Il y a quelques années, dans Logan Lucky (2017), Steven Soderbergh montrait comment une mise en commun des savoirs et des compétences permet à un groupe de bras cassés d’organiser un braquage impossible. Soderbergh a souvent filmé des braquages hyper-organisés et des escapades de prison, mais le charme de Logan Lucky est de mettre ces récits habituels (et leur mise en scène méticuleuse) au service de la représentation d’un prolétariat marginalisé et isolé qui, en se rassemblant collectivement, devient plus que la somme de ses parties. Le charme particulier du film vient de la modestie de ses moyens : Soderbergh travaille, comme toujours depuis une dizaine d’années, dans une économie de production assez réduite, si bien qu’il y a une adéquation entre l’amateurisme des personnages et l’amateurisme du film – quand, à la fin du film, la bombe qui permet d’accéder au coffre explose miraculeusement, la caméra tremble un peu, l’angle de prise de vue n’est pas parfait ; manque de temps ou de moyens, impossible de faire une seconde prise, take the money and run. Soderbergh, cinéaste professionnel et méthodique, trouve encore les moyens d’agir en pirate – il est à l’image de ses personnages.

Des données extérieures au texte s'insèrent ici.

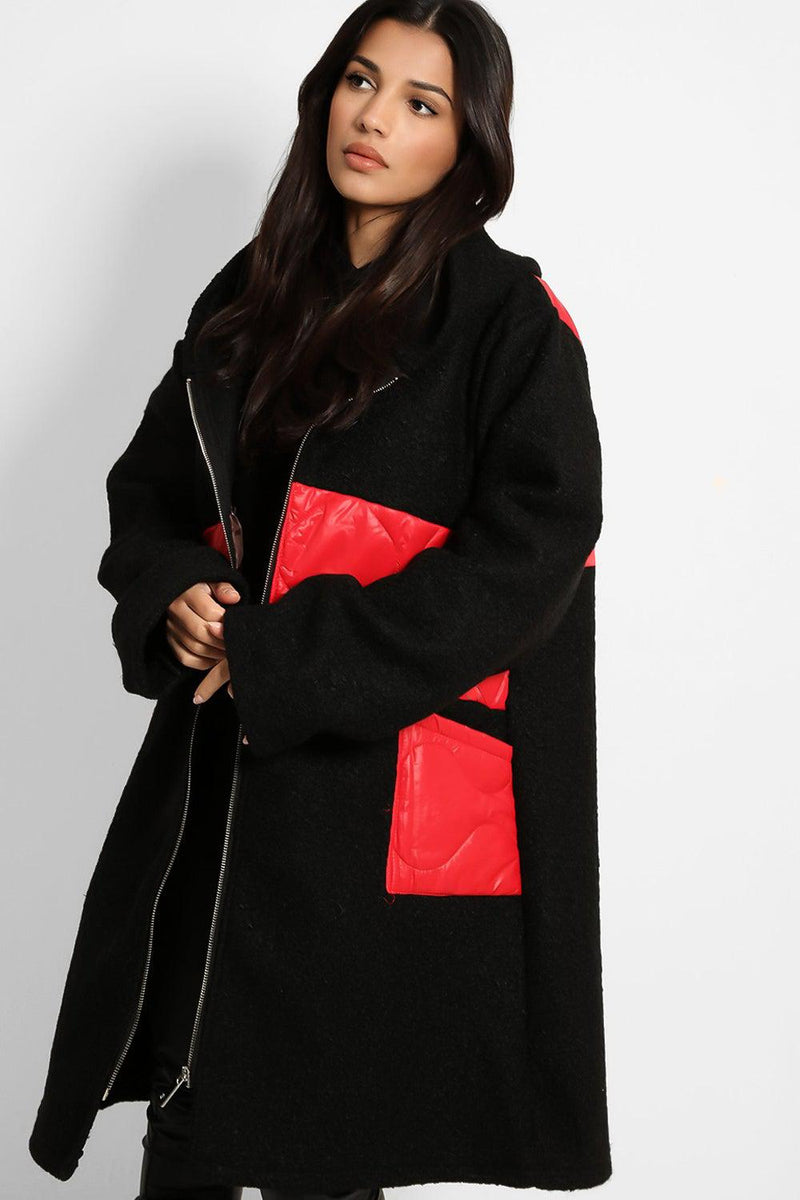 Contrast Quilted Details Boucle Hooded Coat-SinglePrice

Il y a quelques semaines, dans Sabotage (2023), Daniel Goldhaber montrait comment un collectif se constitue à partir d’intérêts communs, et que c’est la croyance commune en une nécessité (en l’occurrence, se défendre contre des monopoles participant à la destruction de l’équilibre écologique) qui permet de réaliser quels gestes sont à notre portée. Comme dans le film de Soderbergh, une métaphore se joue dans la fabrication même du film : Sabotage est un film de groupe fabriqué par un groupe, où l’accumulation des savoir-faire a permis de mettre très vite au point un film ambitieux, original. Plusieurs films de la rentrée, du Gang des bois du temple de Rabah Ameur-Zaïmeche aux Feuilles mortes d’Aki Kaurismäki, donnent à voir ces petits groupes rebelles, unis dans l’entraide et la solidarité, où l’identité n’appartient pas à chacun mais se forme dans l’alliance, que ce soit chez quelques hommes qui forment un gang (mais qui, surtout, boivent des cafés au PMU et nourrissent les pigeons) ou dans l’amour d’un travailleur et d’une travailleuse qui, se regardant les yeux dans les yeux, forment tout à coup l’image de toute la classe ouvrière.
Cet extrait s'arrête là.